▸ **Directions for this task**: No pictures should appear. The lines from the beginning of the listing through the one holding "a bedroom with" must be reproduced exactly, and nothing more.

▸ **Supplied data**:
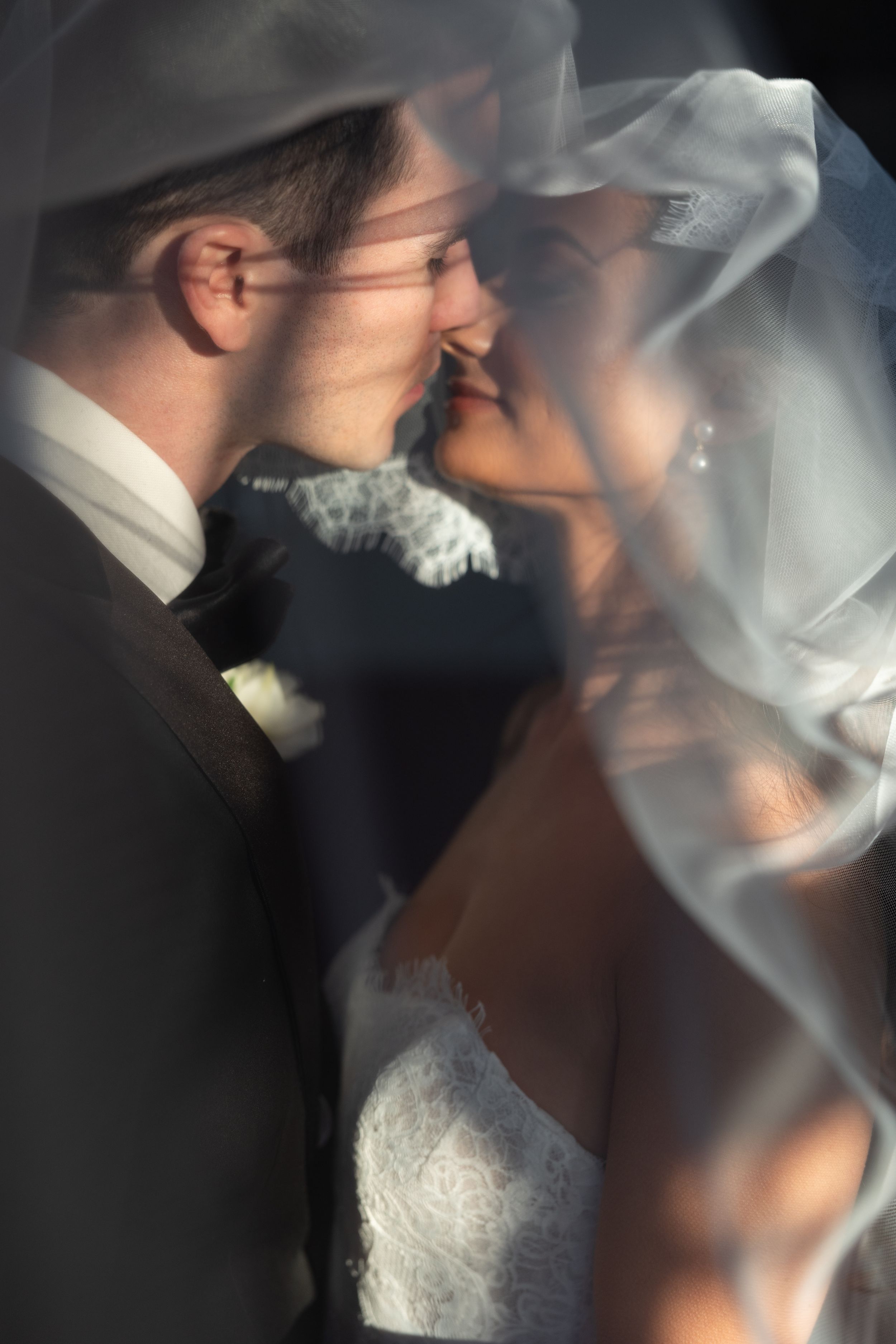 Bride and groom sharing an intimate moment under a flowing wedding veil, soft light highlighting their romantic embrace.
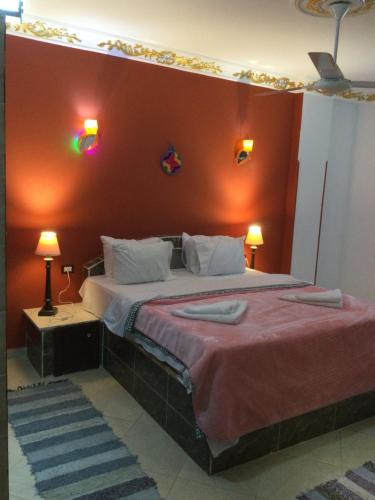 a bedroom with a large bed with a red wall at The Brown House in Luxor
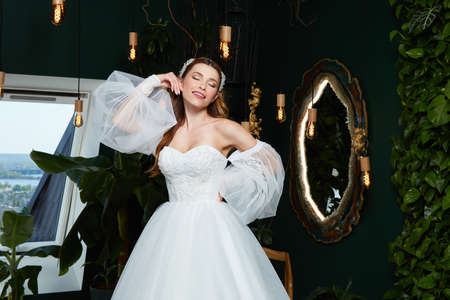 Beautiful tender young woman sexy brunette bride in a luxury white wedding dress lace chiffon Summer happiness awaits the groom before the wedding ceremony makeup accessory jewelry smile.の写真素材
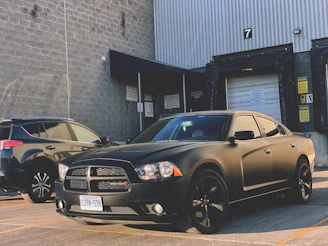 Side profile of a Dodge Charger with sleek side skirts and fender flares against an industrial backdrop at dusk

▸ **Output**:
 Bride and groom sharing an intimate moment under a flowing wedding veil, soft light highlighting their romantic embrace.
 a bedroom with a large bed with a red wall at The Brown House in Luxor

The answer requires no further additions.